[PROBLEM TO WORK ON] Quote, word for word, the line containing "Casa Sampaio I – Room 16" and all lines that follow it to the end of the records, with no pictures.

++++ RECORDS FOR PROCESSING ++++

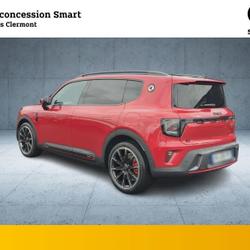 Autres Smart 646ch 100kWh Brabus 4x4 Aubi&egrave;re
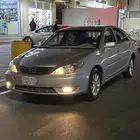 كامري 2005 موتر نضيف ولا يشكي من شي مفحوص وجاهز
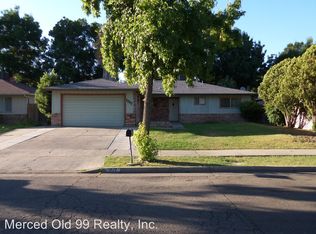 1517 Denver Way, Merced, CA 95348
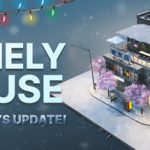 Lonely House – betekintő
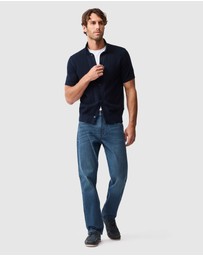 Rodd & Gunn - Cobb River Knit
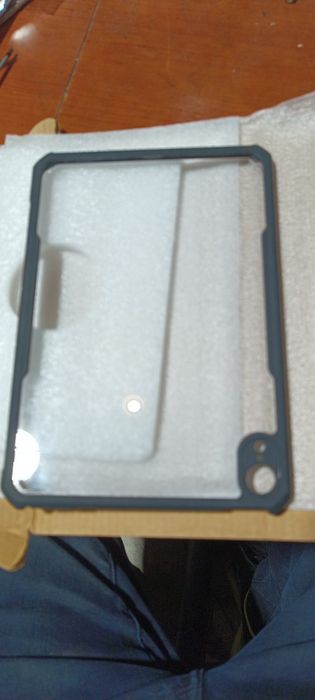 iPod 6 etui  xundd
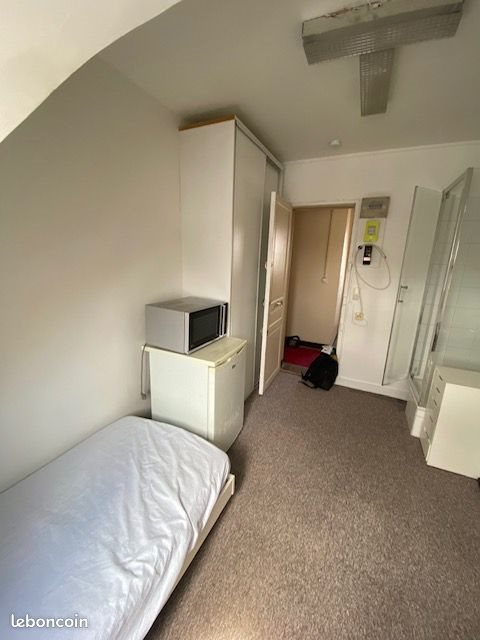 Appartement à louer, 10m², Paris 16ème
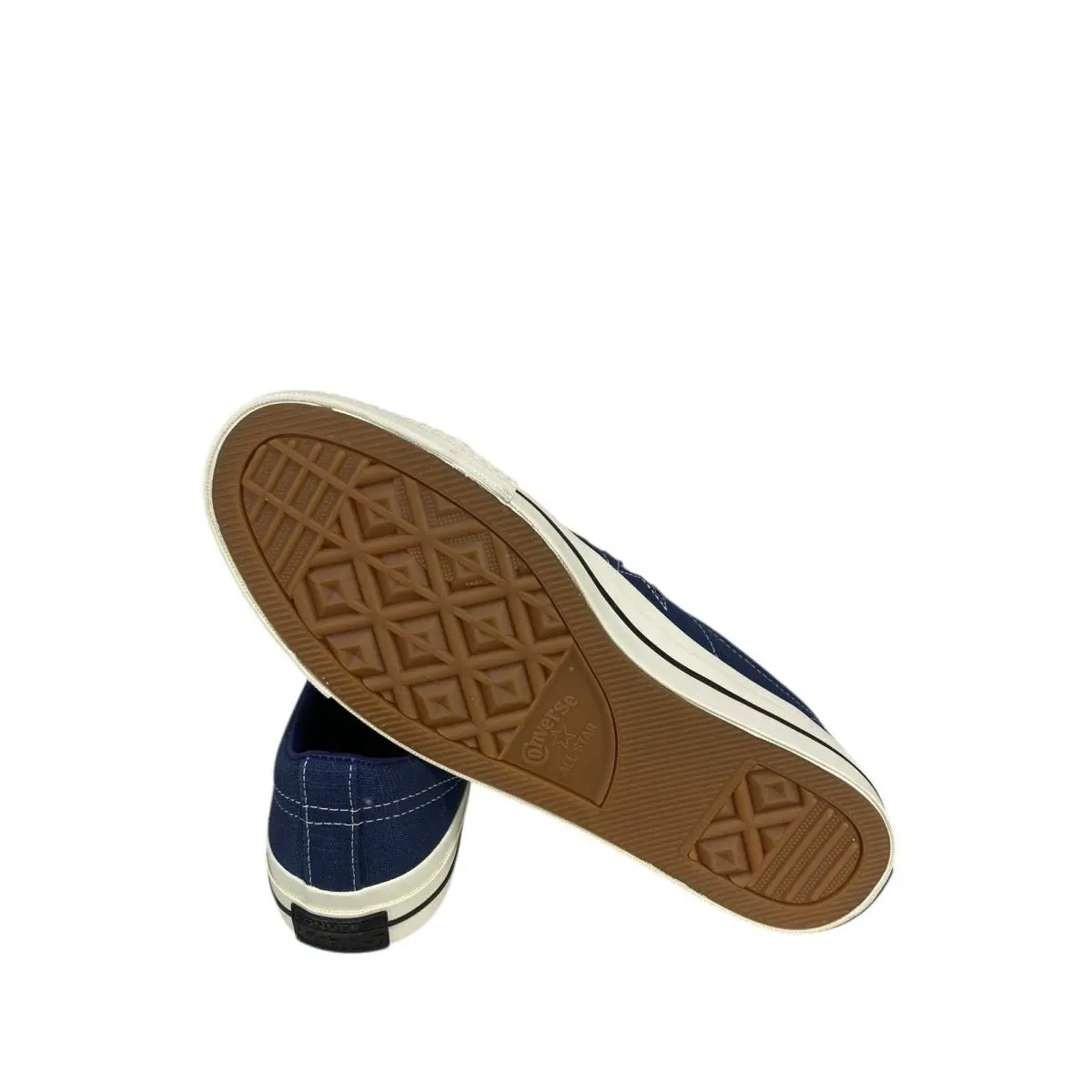 Converse shoes - Converse One Star Pro Ox - A04613C - Blue (UPC: 194434381832) 6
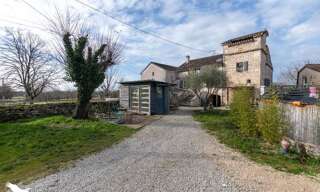 Maison 4 Pièces 142 m² à vendre à Lalbenque (46230)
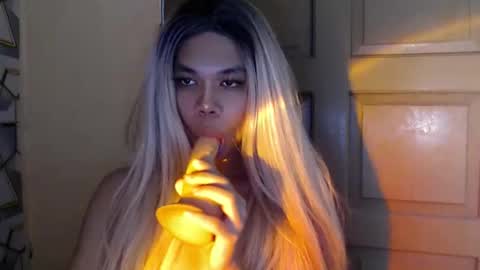 Snapshot of exoticblacknicaxxx chatting on February 11, 3:08 pm Nica online show from February 11, 3:08 pm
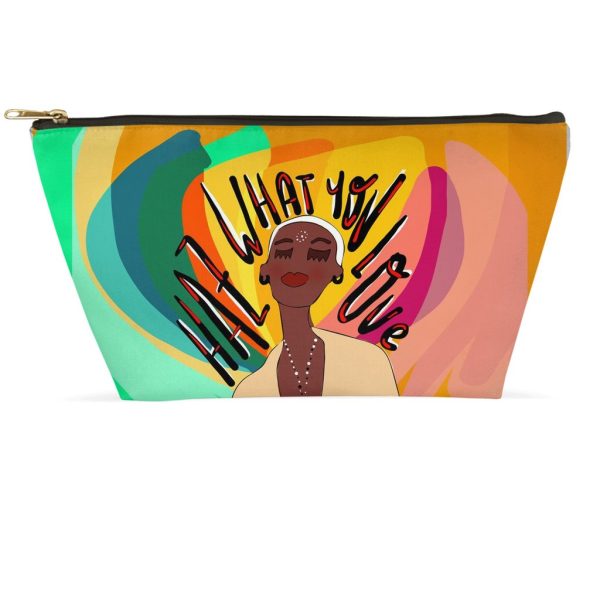 Product Image for  HAZ WHAT YOU LOVE ACCESSORY POUCHES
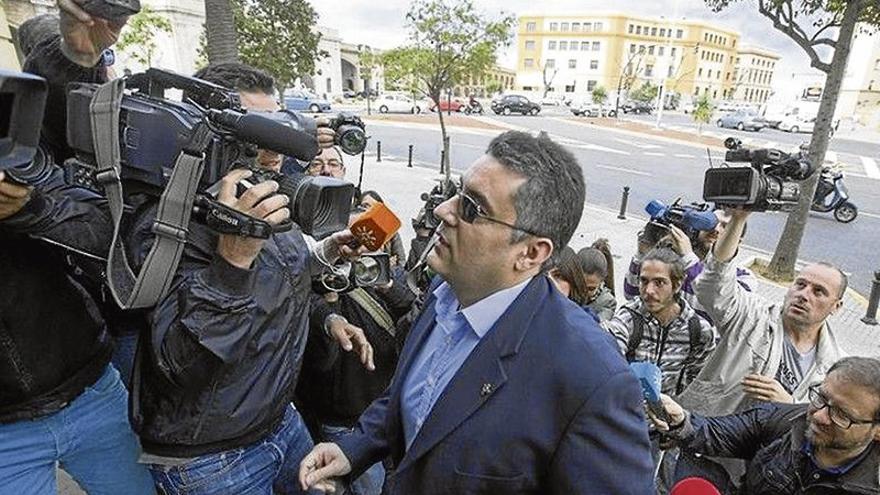 El Fiscal habla de sadismo sexual del exdirector de los Salesianos de Badajoz y Cádiz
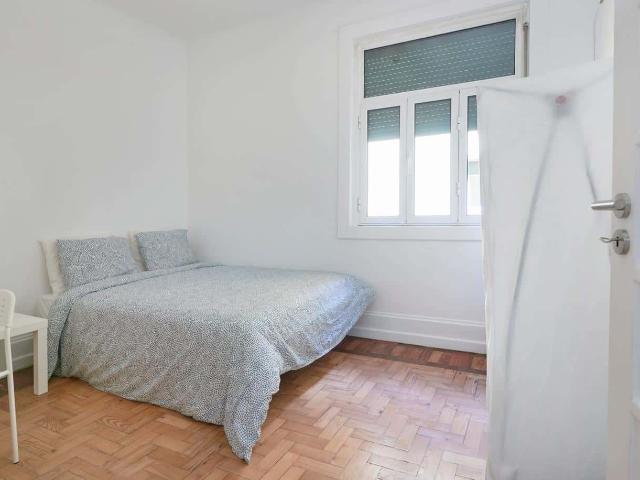 Casa Sampaio I – Room 16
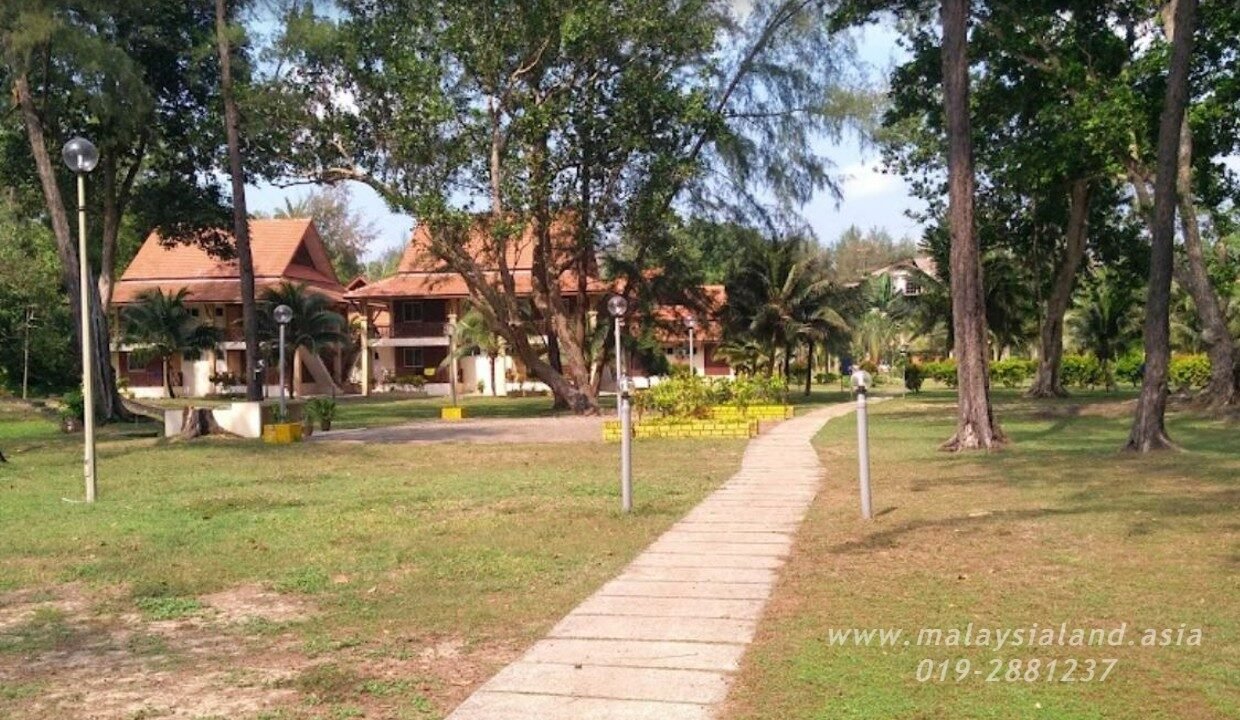 Website - Rompin Beach 7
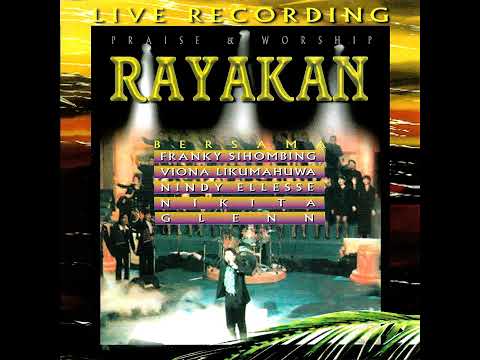 Franky Sihombing • Rayakan, vol.1 | Full Album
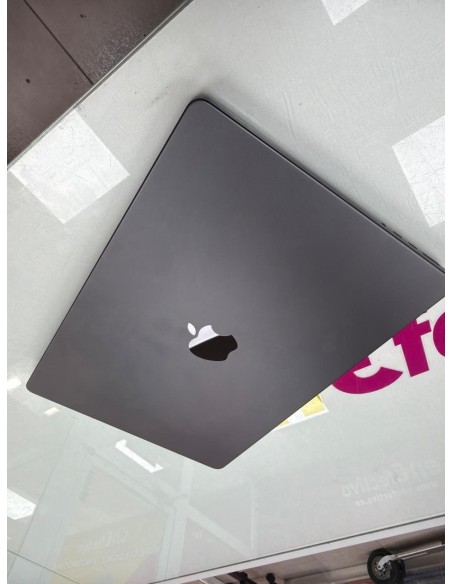 6-6-170321-3-Ordenador Portátil Apple MacBook Pro M5 14 16GB 512GB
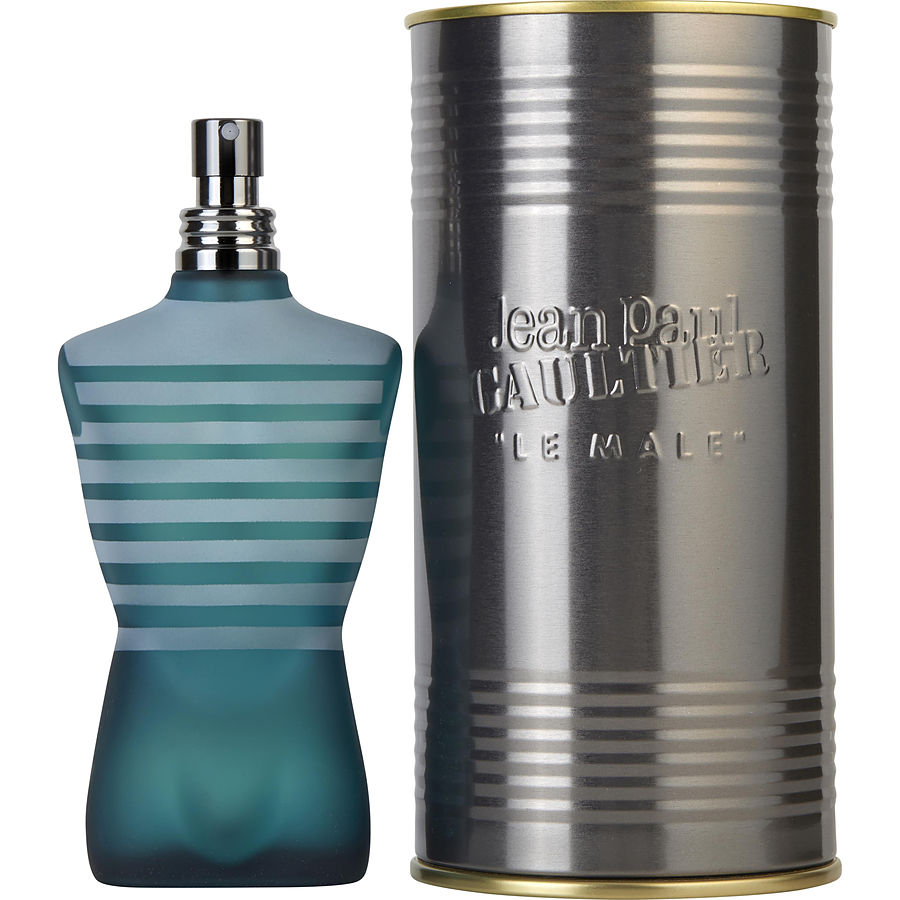 Jean Paul Gaultier Le Male 75ml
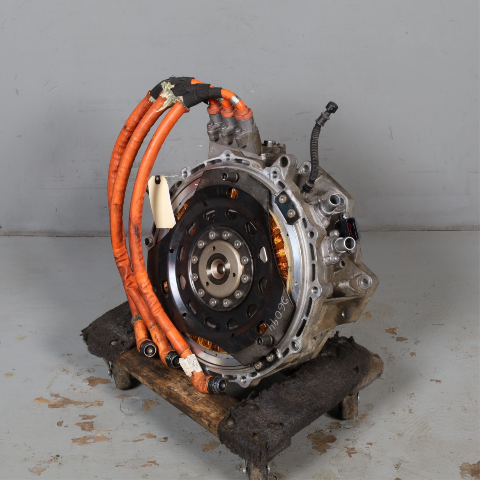 2011-2014 Porsche Cayenne Panamera Hybrid Electric Motor OEM 7P0901153C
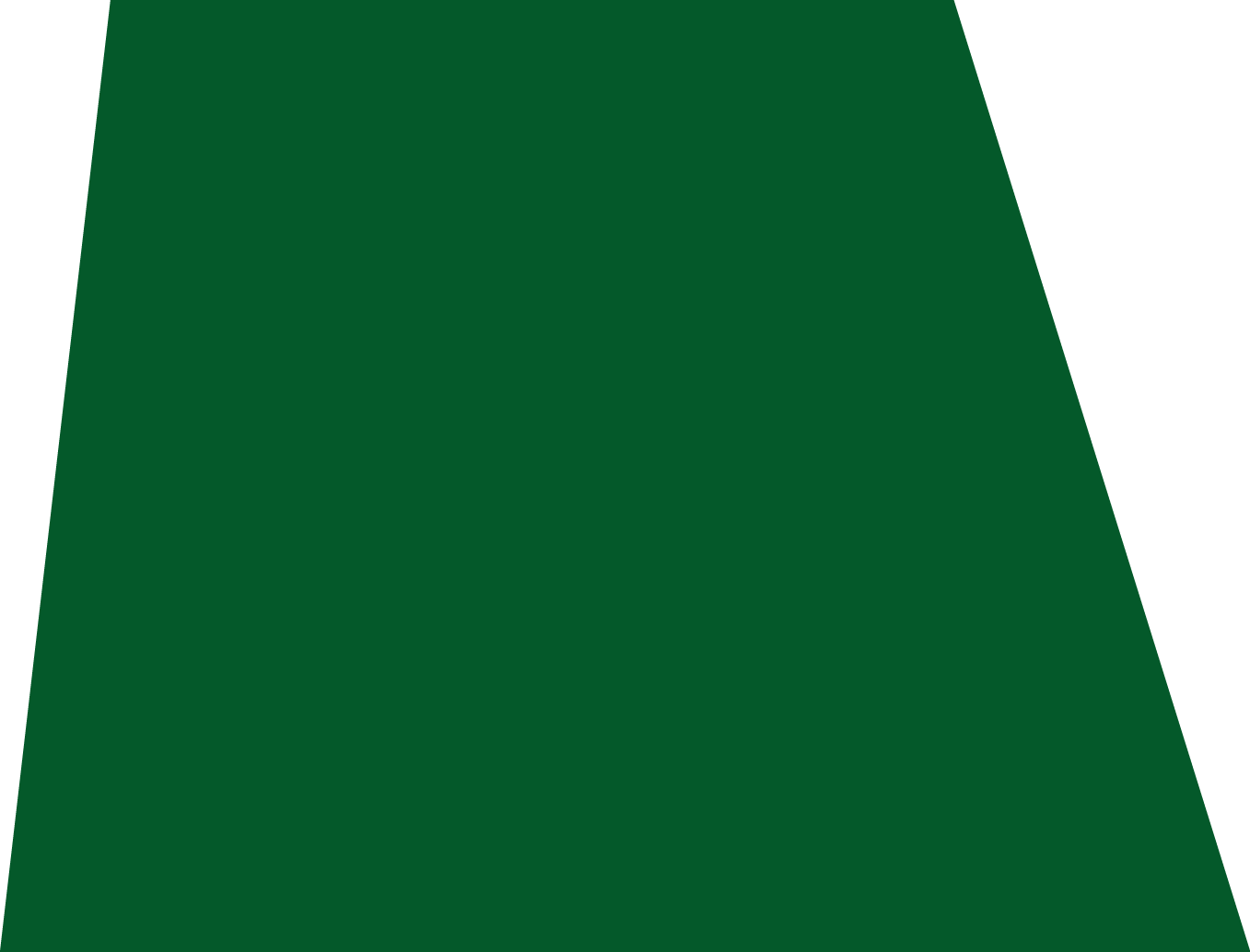 Backgropund green slide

++++

[THE COMPLETED TASK]
 Casa Sampaio I – Room 16
 Website - Rompin Beach 7
 Franky Sihombing • Rayakan, vol.1 | Full Album
 6-6-170321-3-Ordenador Portátil Apple MacBook Pro M5 14 16GB 512GB
 Jean Paul Gaultier Le Male 75ml
 2011-2014 Porsche Cayenne Panamera Hybrid Electric Motor OEM 7P0901153C
 Backgropund green slide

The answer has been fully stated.